Two tile mosaic murals more than half-a-century old on the entry walls to City Hall that depicted the history of Arcadia will be uncovered and restored in the coming months.
The mosaics, featuring what appear to be child-like drawings depicting the area from the time of Spanish exploration through the Lucky Baldwin era and the first horse race track, were designed to be part of the remodeled 1947 City Hall in the late 1950s. Less than 20 years later the mosaics were painted over with a stucco-like paint in the 1970s and have not been seen since.
The mosaics were discovered as part of a $1 million-plus overhaul of the aging City Hall begun last year. Several tiles on both sides of the entryway were exposed in chunks during the removal of bannisters. The chunks of exposed tiles are visible to the public now awaiting a final decision about what to do with the underlying artwork that has been hidden for about four decades.

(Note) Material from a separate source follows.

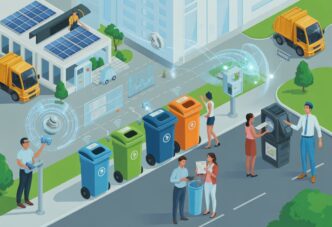 Ilustración de gestión inteligente de residuos en real estate: contenedores de reciclaje, camión recolector y personas interactuando con tecnología.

The City Council approved the $21,450 project to restore the artwork Tuesday by a vote of 4-1 after some discussion on the effort that was most strongly supported by Councilman Gary Kovacic and opposed by Mayor Bob Harbicht. Kovacic said it’s not only important that the City retain a connection to its historical roots but also create and maintain public art. Harbicht said that just because something is old doesn’t mean it’s historic or should be considered art. “There was probably a reason they covered it up,” he added.
According to a January 1958 newspaper article and photo in the Star-News dredged up by the Arcadia Public Library, the tile murals were designed by Jay Rivkin and included a third one at the then-new police station which was later destroyed to make way for the 21st century station now standing across the lawn from City Hall. The murals were approved at a cost of $11,540 in 1950s dollars, which would equate to more than $90,000 in today’s dollars when accounting for inflation.
Ongoing City Hall improvements began last year to ”increase the energy efficiency and aesthetics of “Upper” and “Lower” City Hall with replacement of air handling unit and installation of new double pane insulated windows and frames.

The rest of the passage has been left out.